One example of such guidance is the surprisingly readable report on The Tolerability of Risk from Nuclear Power Stations (1992 revision) from the UK Health and Safety Executive (HSE), commonly abbreviated to "TOR". TOR analyses what nuclear risks are acceptable by comparing other source of risk (as, rather infamously,* did the U.S. Rasmussen Report, WASH-1400) but also endeavoured "to consider the proposition that people feel greater aversion to death from radiation than from other causes, and that a major nuclear accident could have long term health effects." TOR's quantitative approach to decision-making about risk evolved into HSE's "R2P2" framework set out in Reducing risks, protecting people (2001).
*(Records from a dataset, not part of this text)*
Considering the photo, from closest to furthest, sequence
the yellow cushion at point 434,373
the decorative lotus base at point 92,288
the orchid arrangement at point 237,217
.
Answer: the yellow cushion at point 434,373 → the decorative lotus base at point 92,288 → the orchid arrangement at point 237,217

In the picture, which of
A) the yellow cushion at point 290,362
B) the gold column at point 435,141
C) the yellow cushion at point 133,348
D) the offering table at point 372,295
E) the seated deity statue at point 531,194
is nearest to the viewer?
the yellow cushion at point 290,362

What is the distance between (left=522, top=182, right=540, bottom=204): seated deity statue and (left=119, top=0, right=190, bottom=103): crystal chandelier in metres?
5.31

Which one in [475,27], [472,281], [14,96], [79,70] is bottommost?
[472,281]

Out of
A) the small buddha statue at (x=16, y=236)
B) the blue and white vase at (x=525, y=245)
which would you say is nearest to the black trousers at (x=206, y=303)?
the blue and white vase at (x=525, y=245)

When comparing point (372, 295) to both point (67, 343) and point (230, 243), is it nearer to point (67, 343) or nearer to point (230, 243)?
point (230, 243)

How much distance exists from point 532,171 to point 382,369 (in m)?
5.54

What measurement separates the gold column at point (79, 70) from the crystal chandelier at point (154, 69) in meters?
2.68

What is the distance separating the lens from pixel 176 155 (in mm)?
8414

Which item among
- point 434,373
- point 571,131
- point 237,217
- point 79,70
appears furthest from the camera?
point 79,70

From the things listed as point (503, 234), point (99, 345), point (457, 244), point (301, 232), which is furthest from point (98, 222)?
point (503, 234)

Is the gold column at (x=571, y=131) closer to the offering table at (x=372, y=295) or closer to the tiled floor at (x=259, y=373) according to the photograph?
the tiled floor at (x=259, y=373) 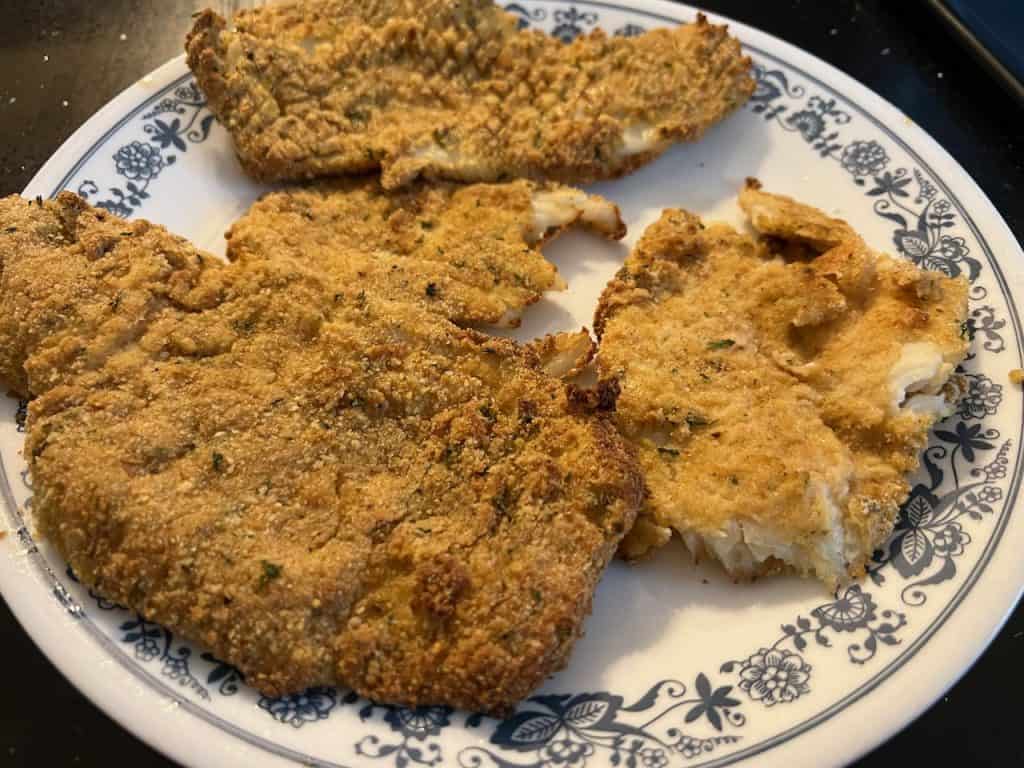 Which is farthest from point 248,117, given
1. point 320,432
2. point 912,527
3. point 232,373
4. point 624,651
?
point 912,527

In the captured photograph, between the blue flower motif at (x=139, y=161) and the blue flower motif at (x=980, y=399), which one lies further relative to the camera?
the blue flower motif at (x=139, y=161)

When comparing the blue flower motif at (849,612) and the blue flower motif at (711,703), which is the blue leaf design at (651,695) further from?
the blue flower motif at (849,612)

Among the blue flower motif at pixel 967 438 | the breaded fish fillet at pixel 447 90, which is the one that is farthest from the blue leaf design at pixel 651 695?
the breaded fish fillet at pixel 447 90

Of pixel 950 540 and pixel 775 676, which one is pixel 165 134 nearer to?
pixel 775 676

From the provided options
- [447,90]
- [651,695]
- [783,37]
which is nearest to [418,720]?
[651,695]

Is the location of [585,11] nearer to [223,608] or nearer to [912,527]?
[912,527]

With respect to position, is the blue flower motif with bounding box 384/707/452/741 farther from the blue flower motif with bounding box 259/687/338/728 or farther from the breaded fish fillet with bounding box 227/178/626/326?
the breaded fish fillet with bounding box 227/178/626/326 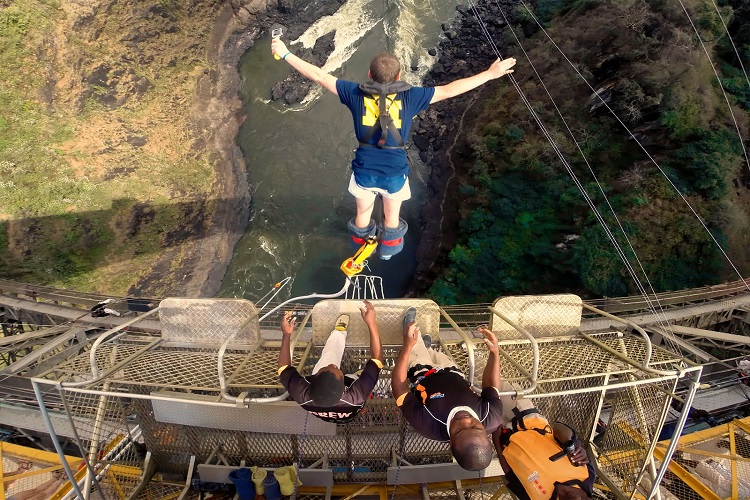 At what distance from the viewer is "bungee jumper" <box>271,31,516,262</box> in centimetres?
416

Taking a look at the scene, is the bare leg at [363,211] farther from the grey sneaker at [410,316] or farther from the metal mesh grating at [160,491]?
the metal mesh grating at [160,491]

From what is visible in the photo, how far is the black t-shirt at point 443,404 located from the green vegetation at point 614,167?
10536 millimetres

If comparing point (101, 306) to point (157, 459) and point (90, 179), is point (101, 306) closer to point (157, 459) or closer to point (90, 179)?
point (157, 459)

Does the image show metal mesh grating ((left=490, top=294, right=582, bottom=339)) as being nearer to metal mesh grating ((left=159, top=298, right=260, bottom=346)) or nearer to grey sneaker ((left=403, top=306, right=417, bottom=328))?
grey sneaker ((left=403, top=306, right=417, bottom=328))

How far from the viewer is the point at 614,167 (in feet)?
45.1

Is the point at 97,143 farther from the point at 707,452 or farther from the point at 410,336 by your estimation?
the point at 707,452

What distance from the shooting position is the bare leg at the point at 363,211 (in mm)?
5411

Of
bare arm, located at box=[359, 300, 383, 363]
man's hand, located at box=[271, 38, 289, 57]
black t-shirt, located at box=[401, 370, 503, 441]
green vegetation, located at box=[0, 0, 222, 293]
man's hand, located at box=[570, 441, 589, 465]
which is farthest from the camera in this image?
green vegetation, located at box=[0, 0, 222, 293]

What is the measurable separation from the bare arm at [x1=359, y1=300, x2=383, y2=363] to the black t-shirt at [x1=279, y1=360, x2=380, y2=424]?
191 millimetres

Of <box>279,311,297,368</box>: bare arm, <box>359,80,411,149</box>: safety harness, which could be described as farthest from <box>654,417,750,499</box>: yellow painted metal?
<box>359,80,411,149</box>: safety harness

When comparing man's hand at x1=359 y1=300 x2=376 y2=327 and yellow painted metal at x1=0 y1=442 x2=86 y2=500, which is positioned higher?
man's hand at x1=359 y1=300 x2=376 y2=327

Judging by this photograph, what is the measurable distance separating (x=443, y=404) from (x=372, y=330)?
1030 millimetres

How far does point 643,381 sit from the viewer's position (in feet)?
11.9

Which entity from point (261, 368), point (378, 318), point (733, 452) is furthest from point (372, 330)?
point (733, 452) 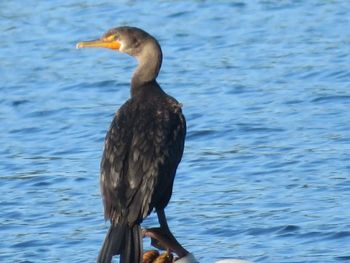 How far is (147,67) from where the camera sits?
29.5 feet

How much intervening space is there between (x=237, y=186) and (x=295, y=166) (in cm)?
66

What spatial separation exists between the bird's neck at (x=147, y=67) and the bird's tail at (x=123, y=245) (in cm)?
106

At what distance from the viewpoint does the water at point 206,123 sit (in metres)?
10.3

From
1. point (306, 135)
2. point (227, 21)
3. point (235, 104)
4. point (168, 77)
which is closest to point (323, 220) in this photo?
point (306, 135)

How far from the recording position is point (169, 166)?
27.8ft

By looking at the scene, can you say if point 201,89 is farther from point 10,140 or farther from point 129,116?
point 129,116

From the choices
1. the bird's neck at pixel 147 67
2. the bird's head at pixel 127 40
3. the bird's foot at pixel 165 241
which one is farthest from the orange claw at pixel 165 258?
the bird's head at pixel 127 40

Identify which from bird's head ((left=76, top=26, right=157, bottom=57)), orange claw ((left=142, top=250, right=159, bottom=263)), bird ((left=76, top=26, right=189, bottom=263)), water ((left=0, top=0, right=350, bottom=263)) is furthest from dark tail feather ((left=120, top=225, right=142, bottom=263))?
water ((left=0, top=0, right=350, bottom=263))

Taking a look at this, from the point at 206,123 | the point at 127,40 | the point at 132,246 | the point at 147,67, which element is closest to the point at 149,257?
the point at 132,246

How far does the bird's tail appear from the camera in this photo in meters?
8.09

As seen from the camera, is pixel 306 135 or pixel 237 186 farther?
pixel 306 135

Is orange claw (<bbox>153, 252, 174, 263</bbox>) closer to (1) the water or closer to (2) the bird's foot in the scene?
(2) the bird's foot

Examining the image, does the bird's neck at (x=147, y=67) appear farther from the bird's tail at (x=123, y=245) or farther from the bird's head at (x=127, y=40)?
the bird's tail at (x=123, y=245)

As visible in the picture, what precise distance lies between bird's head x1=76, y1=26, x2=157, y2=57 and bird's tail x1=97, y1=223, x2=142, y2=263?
1.34 meters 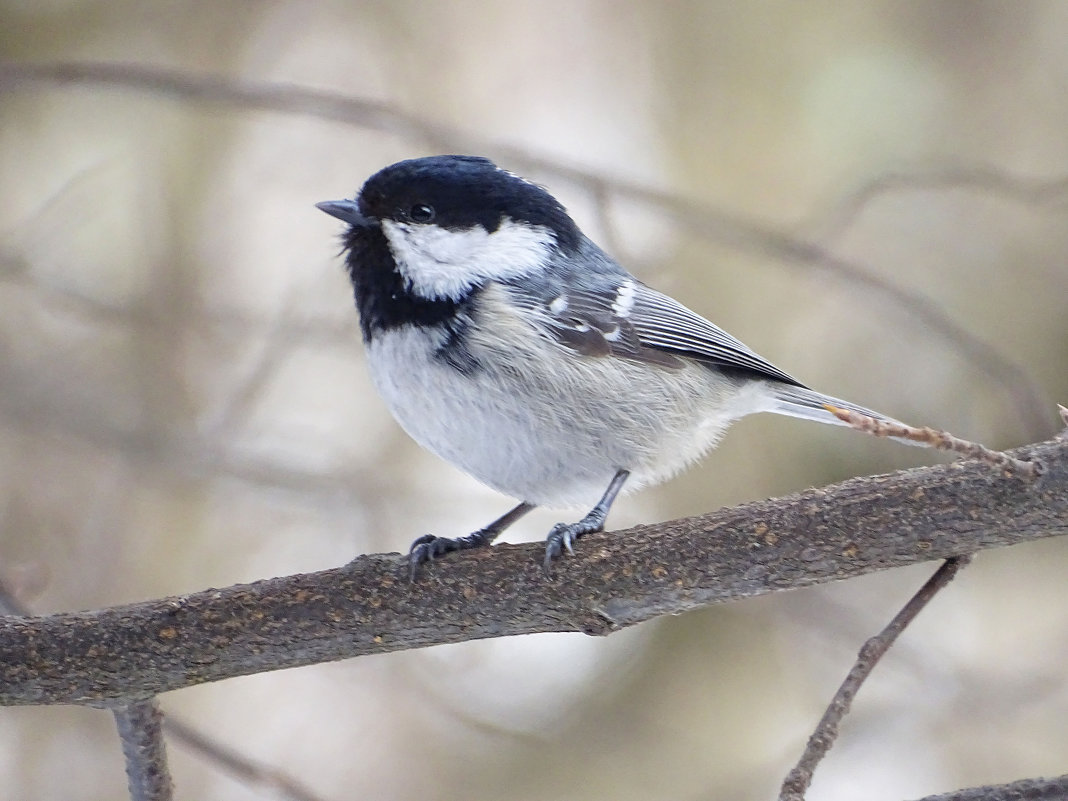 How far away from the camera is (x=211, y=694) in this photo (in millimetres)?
4133

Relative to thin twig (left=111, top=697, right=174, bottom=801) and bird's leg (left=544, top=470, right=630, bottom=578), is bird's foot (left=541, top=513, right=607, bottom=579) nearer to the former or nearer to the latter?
bird's leg (left=544, top=470, right=630, bottom=578)

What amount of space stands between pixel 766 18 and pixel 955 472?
3429 millimetres

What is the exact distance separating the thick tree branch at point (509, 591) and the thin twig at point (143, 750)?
0.03m

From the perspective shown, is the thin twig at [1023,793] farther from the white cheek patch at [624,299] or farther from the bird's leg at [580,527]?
the white cheek patch at [624,299]

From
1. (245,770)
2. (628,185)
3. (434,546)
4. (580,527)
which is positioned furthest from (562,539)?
(628,185)

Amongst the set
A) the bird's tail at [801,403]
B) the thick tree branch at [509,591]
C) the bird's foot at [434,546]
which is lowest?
the thick tree branch at [509,591]

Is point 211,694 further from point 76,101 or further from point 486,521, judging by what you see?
point 76,101

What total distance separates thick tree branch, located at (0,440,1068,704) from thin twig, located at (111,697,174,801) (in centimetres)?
3

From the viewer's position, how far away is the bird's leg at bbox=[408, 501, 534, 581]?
6.86ft

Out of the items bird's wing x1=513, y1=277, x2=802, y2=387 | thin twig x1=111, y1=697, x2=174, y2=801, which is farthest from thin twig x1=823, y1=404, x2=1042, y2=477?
thin twig x1=111, y1=697, x2=174, y2=801

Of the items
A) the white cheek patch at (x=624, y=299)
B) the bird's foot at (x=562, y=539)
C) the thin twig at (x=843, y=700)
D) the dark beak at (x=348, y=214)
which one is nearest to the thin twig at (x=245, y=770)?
the bird's foot at (x=562, y=539)

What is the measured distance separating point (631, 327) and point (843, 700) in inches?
48.4

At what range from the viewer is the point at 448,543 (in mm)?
2342

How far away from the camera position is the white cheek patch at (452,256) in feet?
7.99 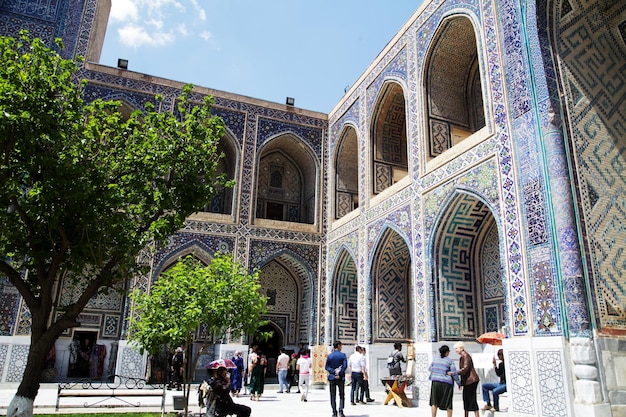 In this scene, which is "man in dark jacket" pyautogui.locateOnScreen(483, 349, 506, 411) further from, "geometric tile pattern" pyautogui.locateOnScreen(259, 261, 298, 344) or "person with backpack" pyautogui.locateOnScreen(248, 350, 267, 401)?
"geometric tile pattern" pyautogui.locateOnScreen(259, 261, 298, 344)

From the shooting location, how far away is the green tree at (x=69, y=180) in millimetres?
5340

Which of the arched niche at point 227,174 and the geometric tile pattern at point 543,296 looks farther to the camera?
the arched niche at point 227,174

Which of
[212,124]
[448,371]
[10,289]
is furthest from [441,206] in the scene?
[10,289]

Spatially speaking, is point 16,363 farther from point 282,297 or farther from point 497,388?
point 497,388

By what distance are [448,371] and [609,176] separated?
3.79 metres

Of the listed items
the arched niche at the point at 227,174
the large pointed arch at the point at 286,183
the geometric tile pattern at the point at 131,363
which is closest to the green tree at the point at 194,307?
the geometric tile pattern at the point at 131,363

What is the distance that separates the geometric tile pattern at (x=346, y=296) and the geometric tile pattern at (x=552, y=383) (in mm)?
7247

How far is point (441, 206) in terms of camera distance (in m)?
9.10

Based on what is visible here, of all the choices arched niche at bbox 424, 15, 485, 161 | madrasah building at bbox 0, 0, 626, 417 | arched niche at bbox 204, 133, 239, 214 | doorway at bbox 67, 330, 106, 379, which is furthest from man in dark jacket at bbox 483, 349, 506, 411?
doorway at bbox 67, 330, 106, 379

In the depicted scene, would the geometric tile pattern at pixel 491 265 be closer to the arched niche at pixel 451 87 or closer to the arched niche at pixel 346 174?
the arched niche at pixel 451 87

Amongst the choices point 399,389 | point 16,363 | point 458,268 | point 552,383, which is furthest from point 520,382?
point 16,363

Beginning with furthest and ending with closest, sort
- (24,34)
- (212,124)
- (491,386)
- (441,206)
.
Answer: (441,206) < (491,386) < (212,124) < (24,34)

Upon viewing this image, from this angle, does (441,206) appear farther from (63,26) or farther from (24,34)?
(63,26)

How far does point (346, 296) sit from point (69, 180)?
9.22 meters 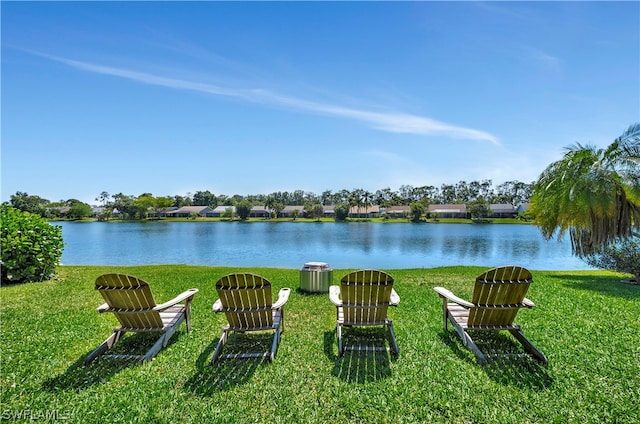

Something you'll often see in discussions of catastrophic risk is the F-N diagram, also known as Farmer's Diagram or Farmer Curve (after Frank Farmer of the UK Atomic Energy Authority and Imperial College London). Here $N$ is the number of fatalities and $F$ is the frequency, usually displayed logarithmically so events with very low probability, but potentially enormous consequences, can fit on the same scale as events which are orders of magnitude more probable but less lethal. The Health and Safety Executive Research Report 073: Transport fatal accidents and FN-curves, 1967-2001 has a good explanation and some example diagrams:

Transport FN-curves

What risk is to be deemed "tolerable"? One approach is to draw a "Farmer line", "limit line" or "criterion line" on the F-N diagram. The "Canvey criterion" and "Netherlands criterion" are commonly seen. The Canvey criterion is based on a major 1978-81 HSE study of the risks posed by the industrial installations on Canvey Island in the Thames estuary, where a $1$ in $5000$ chance per annum, i.e. annual probability of $2 \times 10^{-4}$, of a disaster causing $500$ fatalities was deemed politically "tolerable". This is plotted as the "Canvey point" on the F-N axes, and then extended on a risk-neutral basis. For example, the Canvey point is deemed equivalent to a probability of $10^{-4}$ of causing $1000$ fatalities, or $10^{-3}$ chance of $100$ fatalities. TOR notes this latter figure roughly corresponds to the $1$ in $1000$ per year threshold for breaches of "temporary safe refuges", mandated to protect offshore installation workers from fire or explosion following the Piper Alpha oil rig disaster, on the assumption of a hundred workers on a platform and that, conservatively, a breach would be fatal to all. On logarithmic axes this produces a "Canvey line" with slope $-1$, as shown in Fig. D1 of TOR ("ALARP" is "as low as reasonably practicable", the idea being that efforts should still be taken to reduce even tolerable risks, up to the point where the costs of doing so become prohibitive):

TOR D1

HSE has been cautious about adopting limit lines in general, but R2P2 suggests a criterion ten times more conservative than the Canvey point: a $2 \times 10^{-4}$ annual probability of a disaster only causing fifty fatalities, instead of five hundred. Many publications show an "R2P2 line" through the R2P2 criterion, parallel to the Canvey line, but R2P2 doesn't specify a risk-neutral extension even if this sounds rational. In fact the Netherlands criterion is far more risk averse, with a slope of $-2$ indicating a particular aversion to high consequence incidents: if one catastrophic event would cause ten times as many fatalities as another, its tolerated probability is a hundred times lower. Farmer's original 1967 "boundary line as a criterion" had a slope of $-1.5$, but the horizontal axis was sieverts of iodine-131 released, not deaths.**

HSE RR073 Fig. 4 compares various criteria with transport casualties, breaking out those train accident casualties which may have been prevented by upgrading the train protection system:

HSE RR073 Fig 4

A paper about landslide risk by Sim, Lee and Wong (2022) graphs many limit lines in use globally. More European criteria are shown in Trbojevic (2005) and Jonkman, van Gelder and Vriling (2003): both papers also survey a wider range of quantitative risk measures and regulatory approaches beyond the F-N curve. Rheinberger and Treich (2016) take an economic perspective on attitudes to catastrophic risk, again looking at many possible regulatory criteria, and examining closely the case for society being "catastrophe averse". If you're interested in microeconomics or behavioural economics (e.g. Kahneman and Tversky's prospect theory) you'll find their paper valuable, especially for its lengthy bibliography.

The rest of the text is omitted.